▸ **What is being asked**
When you set down the entries, keep every word exactly as it is but drop the pictures.

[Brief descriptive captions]
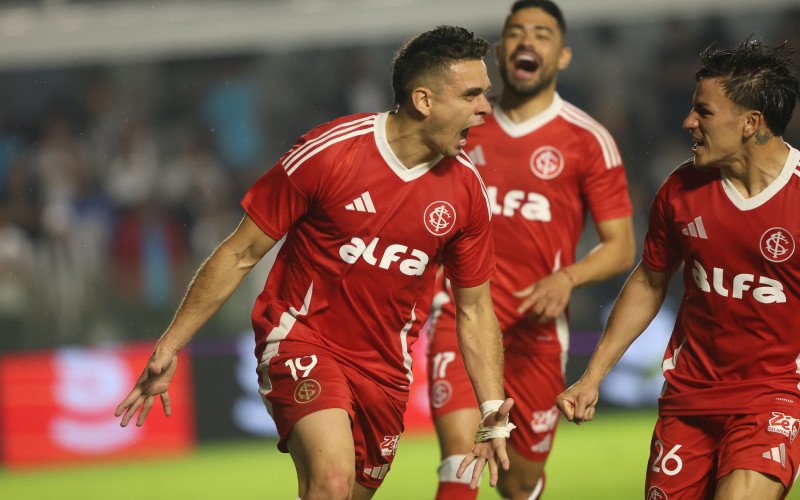 Borré foi autor de um dos gols do Inter na vitória sobre o Santos, na Vila Belmiro | abc+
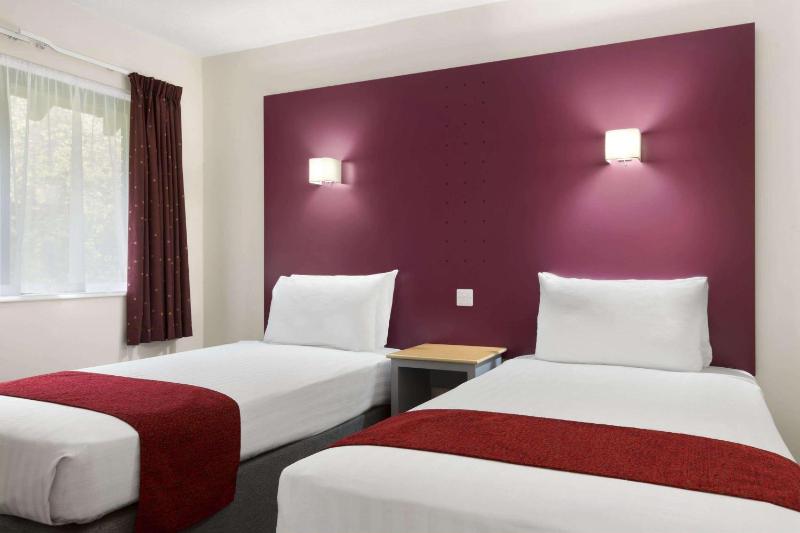 Twin Room - Disability Access image 1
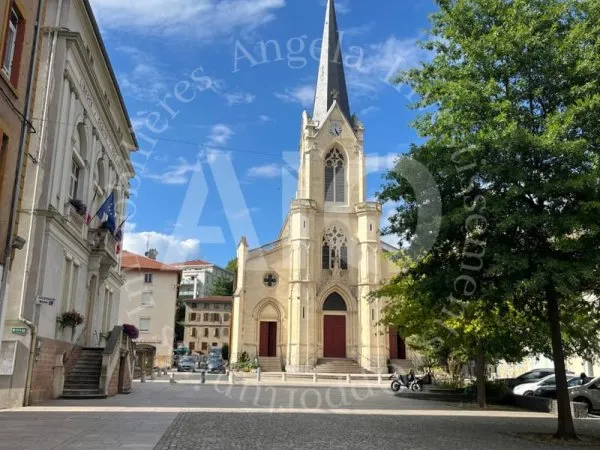 À vendre Immeuble de rapport de 4 Lots à Vindry-sur-Turdin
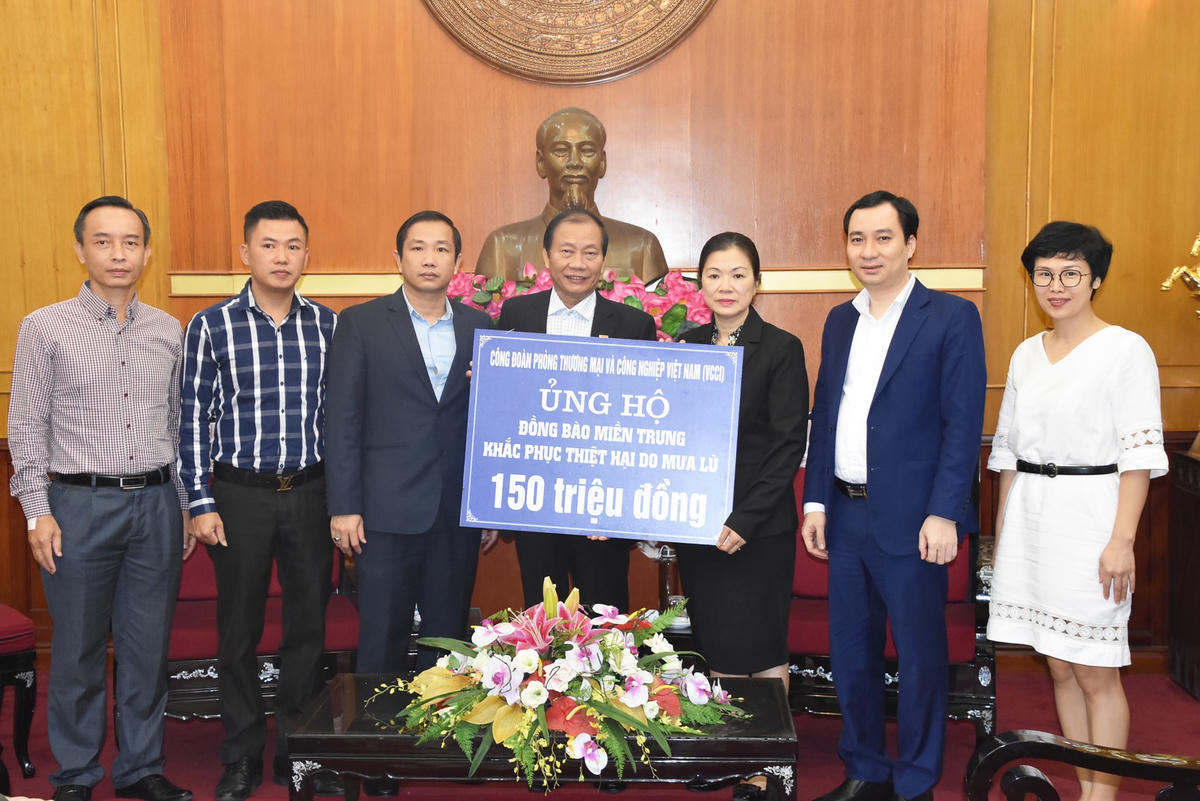Phó Chủ tịch Trương Thị Ngọc Ánh tiếp nhận ủng hộ từ Công đoàn Phòng Thương mại và Công nghiệp Việt Nam.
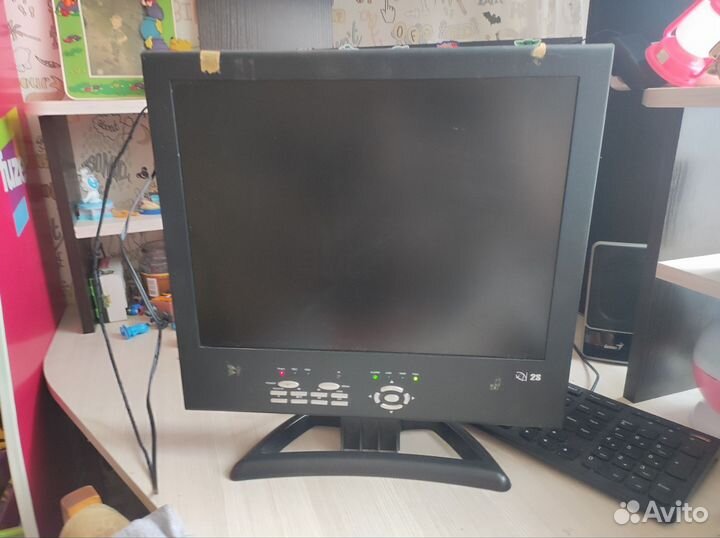 Монитор для видеонаблюдения-8 канальный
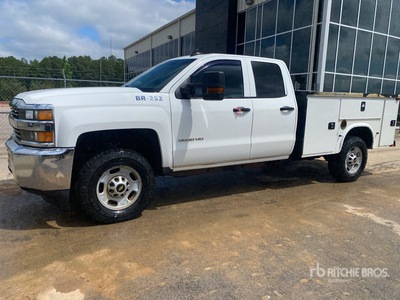 2015 Chevrolet Silverado 2500HD 4x2 Extended Cab Utility Truck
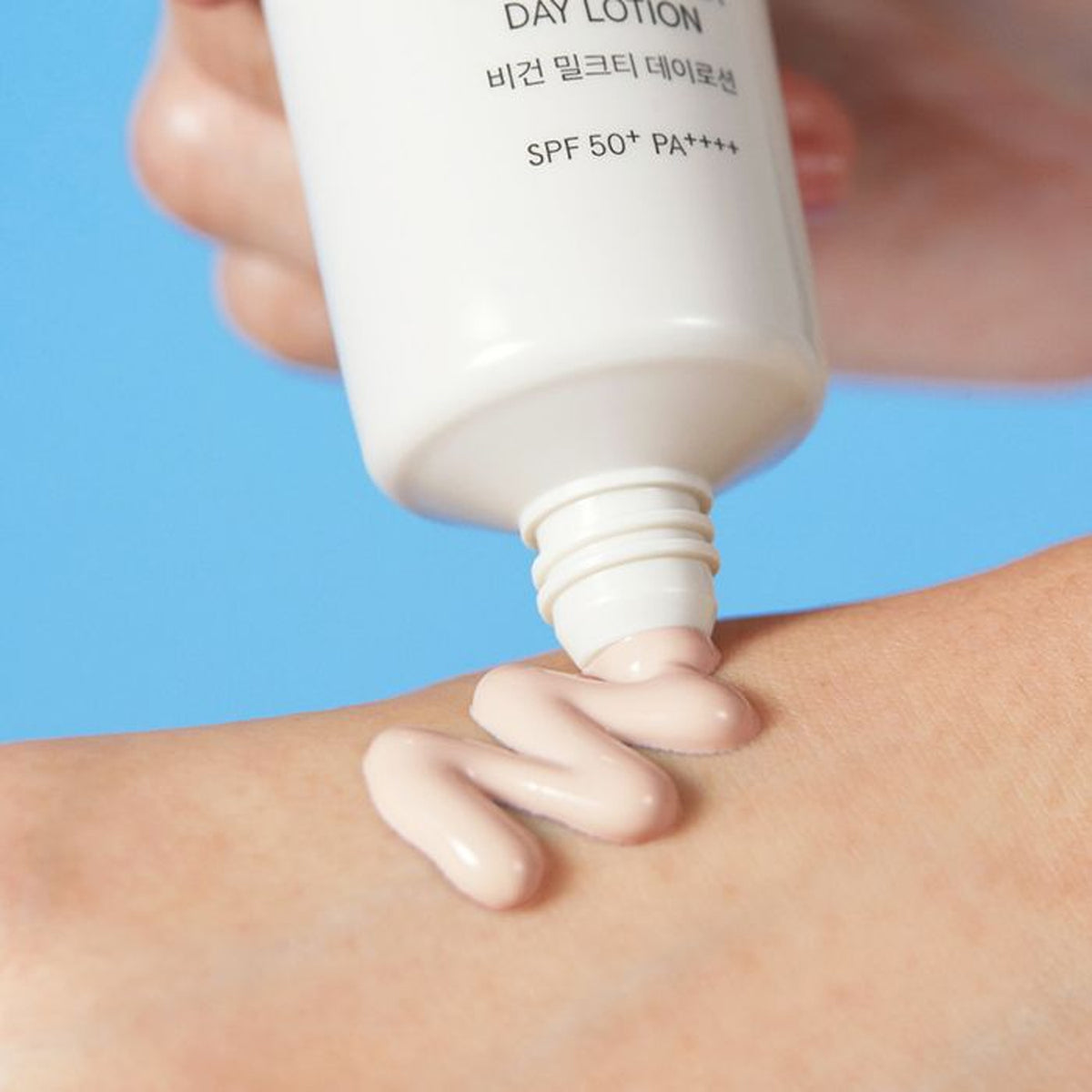 simply works Vegan Milk Tea Day Lotion SPF 50+ PA++++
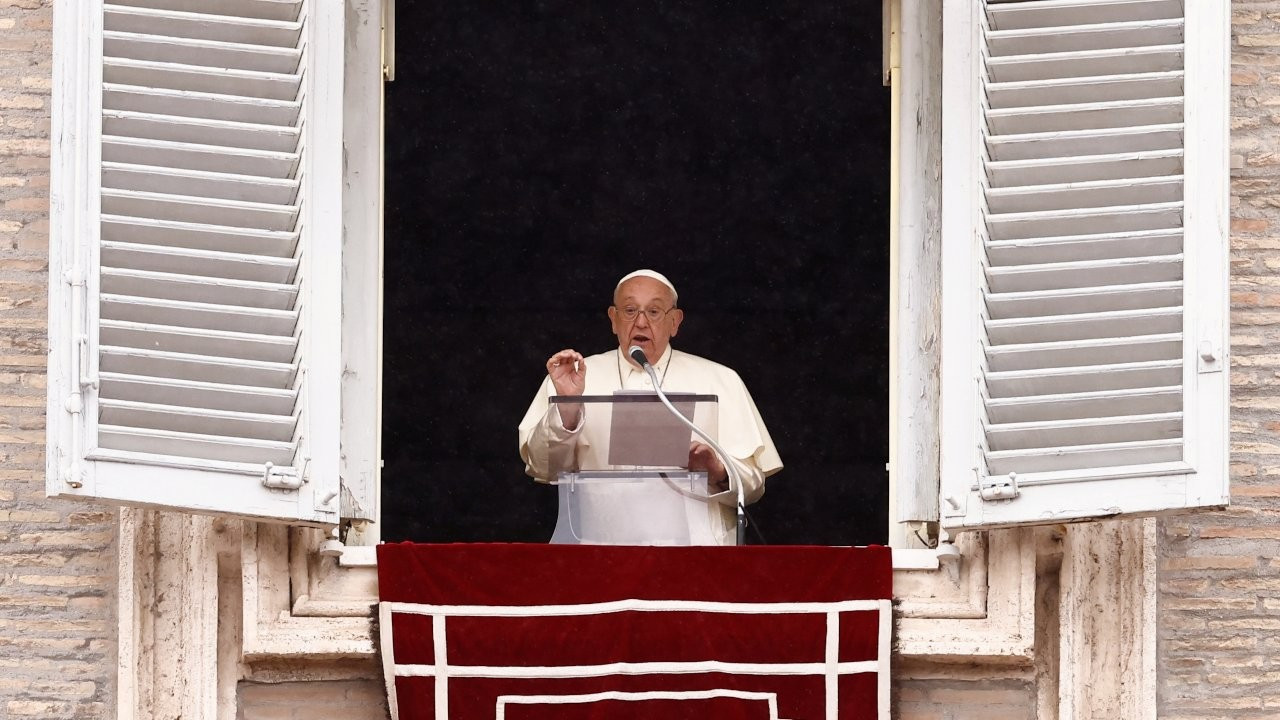 Papa Francis'ten 'Gazze' çağrısı: 'Tüm cephelerde ateşkes sağlanmalı'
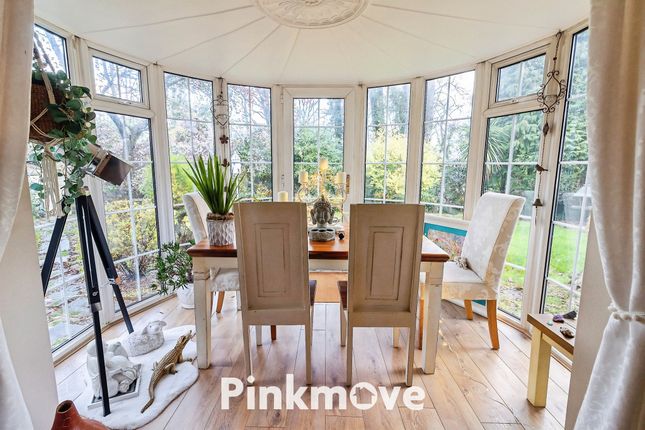 12, Grove Park Drive, Newport photo 4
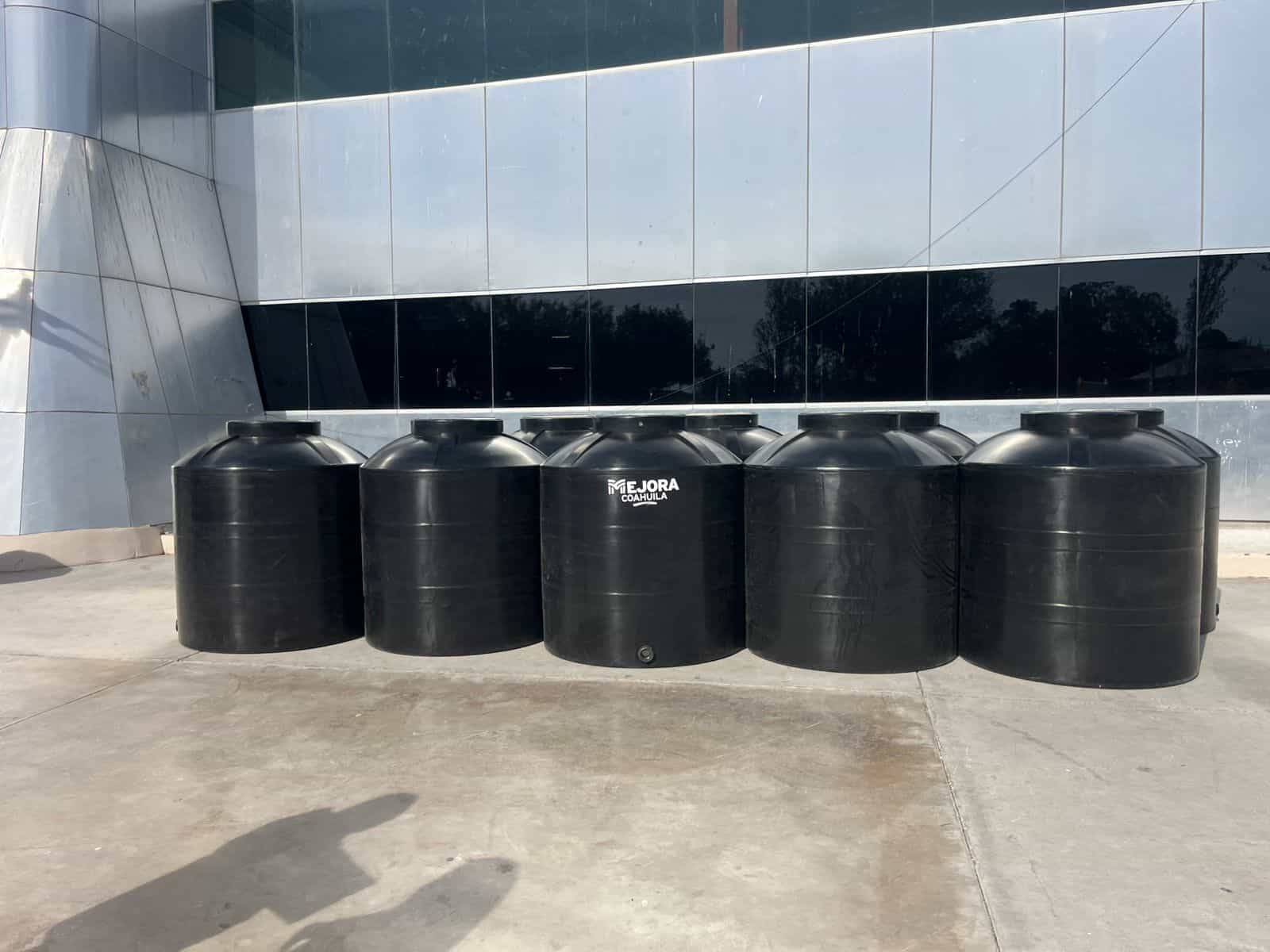 Entregan tinacos a bajo costo a 65 familias en Ciudad Acuña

▸ **Result of the task**
 Borré foi autor de um dos gols do Inter na vitória sobre o Santos, na Vila Belmiro | abc+
 Twin Room - Disability Access image 1
 À vendre Immeuble de rapport de 4 Lots à Vindry-sur-Turdin
Phó Chủ tịch Trương Thị Ngọc Ánh tiếp nhận ủng hộ từ Công đoàn Phòng Thương mại và Công nghiệp Việt Nam.
 Монитор для видеонаблюдения-8 канальный
 2015 Chevrolet Silverado 2500HD 4x2 Extended Cab Utility Truck
 simply works Vegan Milk Tea Day Lotion SPF 50+ PA++++
 Papa Francis'ten 'Gazze' çağrısı: 'Tüm cephelerde ateşkes sağlanmalı'
 12, Grove Park Drive, Newport photo 4
 Entregan tinacos a bajo costo a 65 familias en Ciudad Acuña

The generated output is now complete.